The Grand Design
Stephen Hawking, co-author of The Grand Design with Leonard Mlodinow, is a contender for the dual monikers “smartest man in the world”, and “greatest scientist since Einstein.” His new book asserts that our universe – as well as others – could have come into existence spontaneously from nothing, without any help from God. Many other scientists who have come before him have also tried to remove God from the origins equation.
The authors start out this book by saying that while the big existential questions used to be left to philosophers, philosophy is now dead, because it hasn’t kept up with modern science, which is a very bold and controversial statement to say the least. Some might say that the authors haven’t kept up with philosophy!
The authors insist that any ideas that are incompatible with modern physics must be wrong, yet they ignore the historical track record of science’s iterative process, rife with errors and misconceptions, followed by corrections and paradigm shifts.
The Scientific Method never proves anything: we’re just looking for the best explanation given the evidence that we have so far, all the while realizing that new evidence could show up tomorrow that would turn what we think we know on its head.

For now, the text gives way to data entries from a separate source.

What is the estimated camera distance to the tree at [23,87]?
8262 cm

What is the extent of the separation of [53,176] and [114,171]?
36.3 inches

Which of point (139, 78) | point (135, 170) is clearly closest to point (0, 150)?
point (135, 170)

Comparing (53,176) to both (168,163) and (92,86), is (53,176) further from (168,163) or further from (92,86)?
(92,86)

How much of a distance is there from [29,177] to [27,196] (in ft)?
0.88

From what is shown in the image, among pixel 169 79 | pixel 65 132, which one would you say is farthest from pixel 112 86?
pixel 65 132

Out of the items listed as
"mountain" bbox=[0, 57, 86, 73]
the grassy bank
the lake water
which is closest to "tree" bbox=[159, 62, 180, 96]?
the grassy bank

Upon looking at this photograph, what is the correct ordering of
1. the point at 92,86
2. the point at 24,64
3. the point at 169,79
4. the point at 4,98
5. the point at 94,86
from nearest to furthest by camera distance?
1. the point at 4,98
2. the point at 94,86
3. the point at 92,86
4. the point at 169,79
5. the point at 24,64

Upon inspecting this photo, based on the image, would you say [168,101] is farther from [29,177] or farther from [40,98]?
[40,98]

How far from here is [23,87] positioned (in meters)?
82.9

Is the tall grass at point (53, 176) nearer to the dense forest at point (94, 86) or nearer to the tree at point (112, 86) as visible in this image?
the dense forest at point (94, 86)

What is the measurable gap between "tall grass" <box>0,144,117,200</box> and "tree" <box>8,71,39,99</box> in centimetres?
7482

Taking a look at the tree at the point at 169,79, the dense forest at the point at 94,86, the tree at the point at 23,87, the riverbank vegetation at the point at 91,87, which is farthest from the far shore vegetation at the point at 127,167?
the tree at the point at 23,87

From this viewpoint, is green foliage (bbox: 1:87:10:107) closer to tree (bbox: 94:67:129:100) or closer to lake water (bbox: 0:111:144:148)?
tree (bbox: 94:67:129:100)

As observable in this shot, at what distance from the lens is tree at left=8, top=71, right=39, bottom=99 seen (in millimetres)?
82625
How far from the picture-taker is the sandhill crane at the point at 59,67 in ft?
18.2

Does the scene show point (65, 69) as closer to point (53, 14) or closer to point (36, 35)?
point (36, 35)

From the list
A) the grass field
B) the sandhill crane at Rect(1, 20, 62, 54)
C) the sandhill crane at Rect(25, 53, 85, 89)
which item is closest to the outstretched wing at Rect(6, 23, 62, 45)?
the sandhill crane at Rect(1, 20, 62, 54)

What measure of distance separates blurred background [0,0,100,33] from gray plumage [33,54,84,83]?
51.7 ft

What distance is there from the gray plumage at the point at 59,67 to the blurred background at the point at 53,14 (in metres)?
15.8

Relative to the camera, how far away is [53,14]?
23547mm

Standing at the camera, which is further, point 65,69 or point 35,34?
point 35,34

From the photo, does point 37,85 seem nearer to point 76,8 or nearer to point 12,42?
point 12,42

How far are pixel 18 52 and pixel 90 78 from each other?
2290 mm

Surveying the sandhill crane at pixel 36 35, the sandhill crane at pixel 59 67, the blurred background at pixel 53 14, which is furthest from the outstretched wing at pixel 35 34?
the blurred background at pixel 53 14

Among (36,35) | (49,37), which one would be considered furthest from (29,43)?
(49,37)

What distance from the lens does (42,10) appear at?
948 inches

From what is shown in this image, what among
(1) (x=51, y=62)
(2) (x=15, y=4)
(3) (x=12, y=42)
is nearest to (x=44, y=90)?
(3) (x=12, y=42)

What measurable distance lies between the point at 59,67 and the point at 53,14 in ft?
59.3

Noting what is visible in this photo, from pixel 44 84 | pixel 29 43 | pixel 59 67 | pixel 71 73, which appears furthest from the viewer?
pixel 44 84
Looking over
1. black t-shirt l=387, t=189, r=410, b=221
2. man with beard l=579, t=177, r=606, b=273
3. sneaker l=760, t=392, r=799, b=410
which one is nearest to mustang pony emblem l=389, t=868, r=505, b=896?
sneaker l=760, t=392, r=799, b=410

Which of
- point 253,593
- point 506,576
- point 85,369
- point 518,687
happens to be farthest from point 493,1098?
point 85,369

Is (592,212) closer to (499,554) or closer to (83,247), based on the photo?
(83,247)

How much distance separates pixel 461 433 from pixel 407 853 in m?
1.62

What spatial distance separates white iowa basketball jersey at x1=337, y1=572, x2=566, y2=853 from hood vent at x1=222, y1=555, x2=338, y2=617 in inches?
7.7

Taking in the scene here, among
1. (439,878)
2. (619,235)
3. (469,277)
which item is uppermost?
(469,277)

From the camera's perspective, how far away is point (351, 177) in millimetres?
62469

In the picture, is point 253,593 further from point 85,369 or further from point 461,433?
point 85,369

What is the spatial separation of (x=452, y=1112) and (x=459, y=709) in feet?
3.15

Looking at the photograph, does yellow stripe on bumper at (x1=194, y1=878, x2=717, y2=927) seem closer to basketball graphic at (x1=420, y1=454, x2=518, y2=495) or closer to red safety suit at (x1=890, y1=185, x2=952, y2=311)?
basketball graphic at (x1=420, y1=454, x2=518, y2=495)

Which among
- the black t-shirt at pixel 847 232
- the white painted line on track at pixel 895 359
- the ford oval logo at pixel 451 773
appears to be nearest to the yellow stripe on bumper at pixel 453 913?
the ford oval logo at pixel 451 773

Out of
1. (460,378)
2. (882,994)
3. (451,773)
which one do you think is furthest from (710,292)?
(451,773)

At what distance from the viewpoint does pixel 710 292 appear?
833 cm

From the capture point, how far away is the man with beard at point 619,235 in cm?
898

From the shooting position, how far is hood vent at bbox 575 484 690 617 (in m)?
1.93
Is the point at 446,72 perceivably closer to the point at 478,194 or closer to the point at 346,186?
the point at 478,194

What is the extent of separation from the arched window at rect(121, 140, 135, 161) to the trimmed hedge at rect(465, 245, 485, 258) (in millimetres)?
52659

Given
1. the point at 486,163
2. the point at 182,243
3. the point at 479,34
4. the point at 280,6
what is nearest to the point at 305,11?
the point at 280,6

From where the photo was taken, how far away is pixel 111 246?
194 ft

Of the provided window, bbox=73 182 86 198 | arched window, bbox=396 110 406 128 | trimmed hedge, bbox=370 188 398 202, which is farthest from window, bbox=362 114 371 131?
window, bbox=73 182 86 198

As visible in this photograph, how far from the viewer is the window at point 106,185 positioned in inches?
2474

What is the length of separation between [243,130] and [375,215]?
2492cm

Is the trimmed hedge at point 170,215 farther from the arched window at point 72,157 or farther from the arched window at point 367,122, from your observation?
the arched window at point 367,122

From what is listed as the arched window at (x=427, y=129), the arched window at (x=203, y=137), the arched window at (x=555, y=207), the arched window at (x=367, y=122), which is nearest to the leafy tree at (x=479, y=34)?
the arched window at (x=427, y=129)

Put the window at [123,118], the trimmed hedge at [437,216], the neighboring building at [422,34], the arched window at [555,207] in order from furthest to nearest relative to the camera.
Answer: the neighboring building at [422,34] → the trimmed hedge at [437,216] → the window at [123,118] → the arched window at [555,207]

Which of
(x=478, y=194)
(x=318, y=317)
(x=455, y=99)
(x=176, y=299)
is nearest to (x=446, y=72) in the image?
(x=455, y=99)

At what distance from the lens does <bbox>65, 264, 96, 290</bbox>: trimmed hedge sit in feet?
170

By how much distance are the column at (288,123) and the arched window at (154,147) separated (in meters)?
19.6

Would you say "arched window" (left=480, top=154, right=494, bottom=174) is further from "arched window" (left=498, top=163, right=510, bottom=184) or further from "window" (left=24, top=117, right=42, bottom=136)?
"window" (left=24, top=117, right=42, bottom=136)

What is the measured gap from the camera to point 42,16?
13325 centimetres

He also neatly brushes aside the uncertainty introduced by the very quantum physics he needs for M-theory. Hawking paints a picture of a purely materialistic cosmos, where cause and effect determinism rules, and there is no room for free will. So, the big deal of this new book is that Hawking proclaims that “the laws of physics allow universes to appear spontaneously from nothing”. Well, we already see that God works through the processes and physical laws that he’s established, and that only adds to our wonder and awe of Him. But, the thinking person’s first response should be, “Why are there laws of physics, and where did they come from? And why these particularly special laws that supposedly allow universes to appear from nothing?”

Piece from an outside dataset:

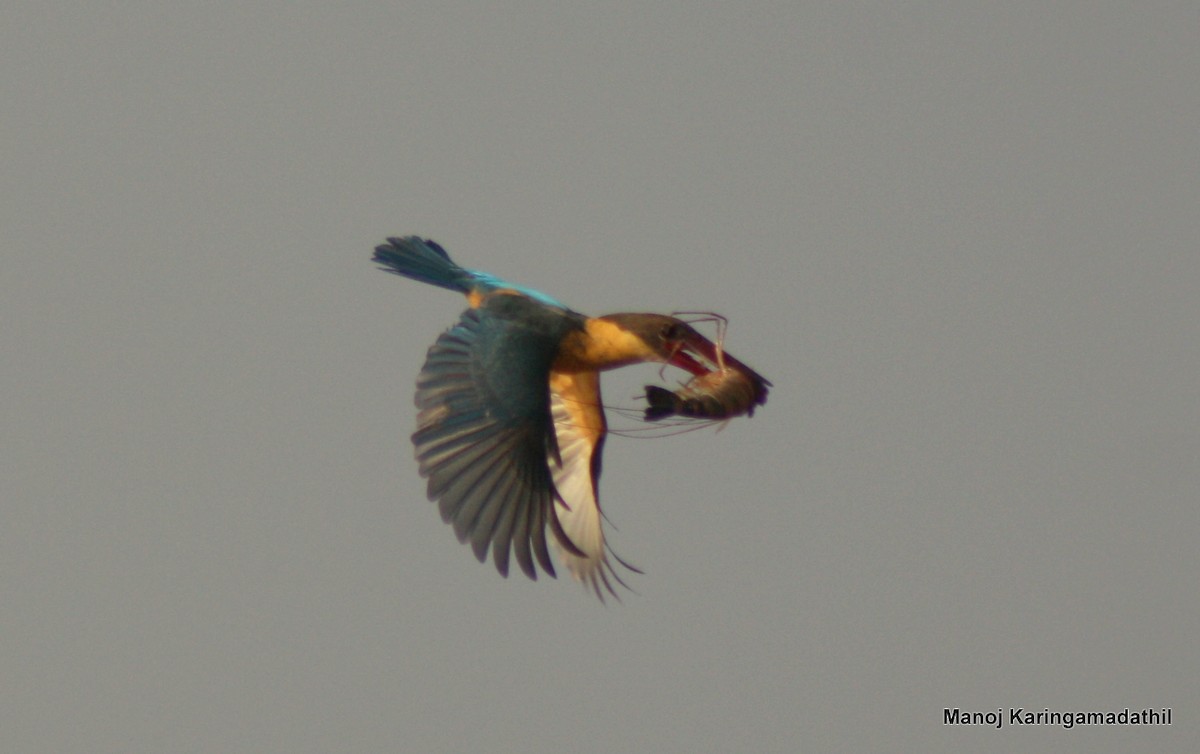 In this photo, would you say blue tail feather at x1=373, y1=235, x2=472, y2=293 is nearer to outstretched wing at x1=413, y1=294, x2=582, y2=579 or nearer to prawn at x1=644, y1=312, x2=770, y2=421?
outstretched wing at x1=413, y1=294, x2=582, y2=579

The only “explanation” Hawking gives is that these are the specific laws that must exist in order to get our universe, which is merely a tautology, or truism, not an actual explanation of the reason that these laws came to be. So, Hawking does nothing to address the cosmological questions of “Why is there something rather than nothing?” and “Why is there order rather than chaos?” for these laws of physics. He simply states that there must be a law like gravity in order to have a universe with mass in it… He does not address the question of why there are any laws at all!
Neither does he address any of the other classical arguments for belief in God, such as:
- the ontological argument of where man’s God-consciousness comes from;
- nor the anthropological question, of where man’s moral conscience and religious experiences originate;
- nor the teleological argument from design and purpose;
- etc…
Also, let’s not forget the Principle of Logic that says you can’t prove a negative: thus, it’s impossible to prove the non-existence of God.

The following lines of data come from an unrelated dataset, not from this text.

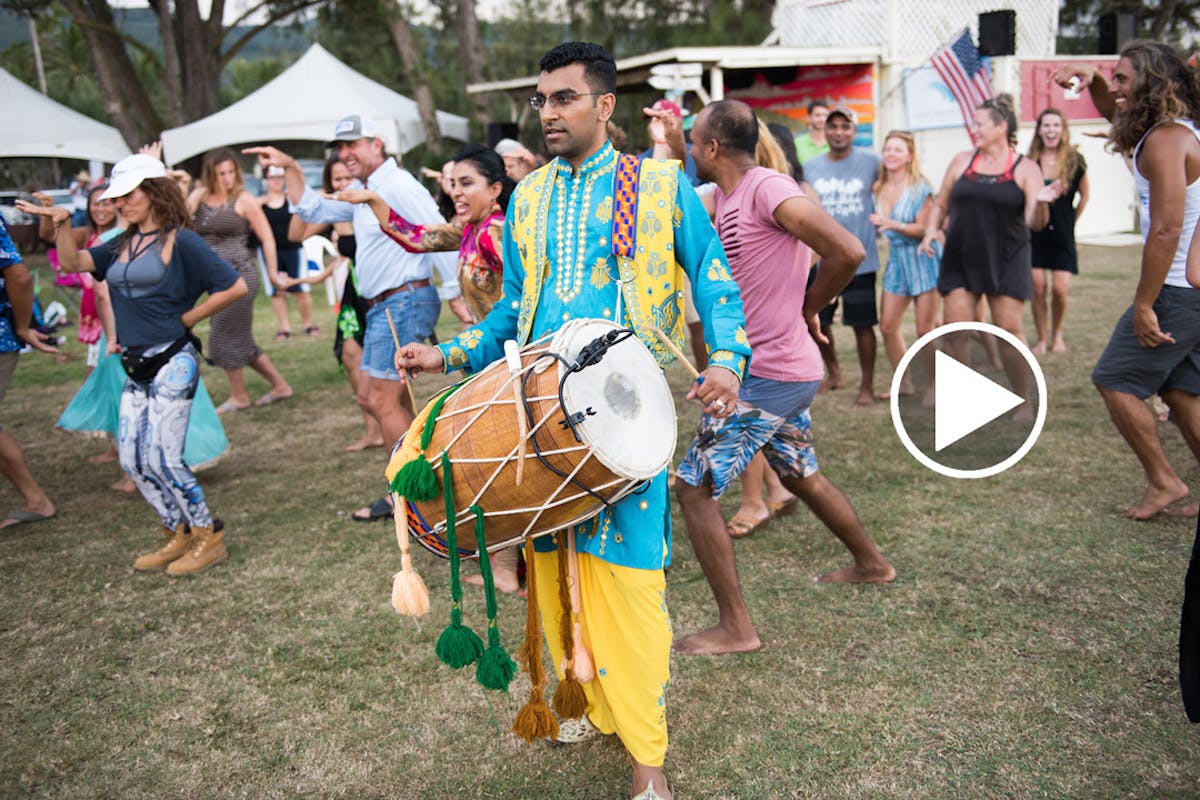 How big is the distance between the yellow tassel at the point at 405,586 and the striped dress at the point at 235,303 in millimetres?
5642

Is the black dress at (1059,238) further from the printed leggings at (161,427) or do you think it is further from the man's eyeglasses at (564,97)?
the printed leggings at (161,427)

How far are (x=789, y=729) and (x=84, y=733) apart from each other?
2397 millimetres

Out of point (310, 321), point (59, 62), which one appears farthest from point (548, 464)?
point (59, 62)

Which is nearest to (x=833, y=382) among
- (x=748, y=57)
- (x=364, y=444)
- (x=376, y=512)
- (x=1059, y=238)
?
(x=1059, y=238)

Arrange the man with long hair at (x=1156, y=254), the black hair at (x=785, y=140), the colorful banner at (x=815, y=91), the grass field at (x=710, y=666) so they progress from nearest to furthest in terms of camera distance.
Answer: the grass field at (x=710, y=666)
the man with long hair at (x=1156, y=254)
the black hair at (x=785, y=140)
the colorful banner at (x=815, y=91)

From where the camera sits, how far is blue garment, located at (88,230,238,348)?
464 cm

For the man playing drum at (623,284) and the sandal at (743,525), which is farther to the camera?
the sandal at (743,525)

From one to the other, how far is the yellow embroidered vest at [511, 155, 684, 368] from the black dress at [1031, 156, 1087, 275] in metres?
6.70

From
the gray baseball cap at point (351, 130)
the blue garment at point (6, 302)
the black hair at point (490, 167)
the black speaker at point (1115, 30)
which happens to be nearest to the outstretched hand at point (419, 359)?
the black hair at point (490, 167)

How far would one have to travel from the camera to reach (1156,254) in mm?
4090

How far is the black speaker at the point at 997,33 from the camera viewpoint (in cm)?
1377

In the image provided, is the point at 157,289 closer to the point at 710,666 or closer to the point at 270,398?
the point at 710,666

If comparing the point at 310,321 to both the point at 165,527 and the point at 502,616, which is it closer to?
the point at 165,527

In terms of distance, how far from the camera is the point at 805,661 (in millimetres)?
3625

All Hawking is really doing is simply promoting a materialistic worldview that attempts to make it easier for a physicist to discount God… There’s nothing substantially new here: it’s just re-packaged “Naturalism.” And to be fair, he does admit at the end of the book that his theory is yet to be confirmed by observation.
As Carlin Romano from The Chronicle Review concludes:
“Many (scientific cosmologists) would rather be bound, gagged, and abandoned in a rundown multiverse than take nonscientific cosmology seriously, or admit that some matters, if not matter itself, fall outside their expertise.”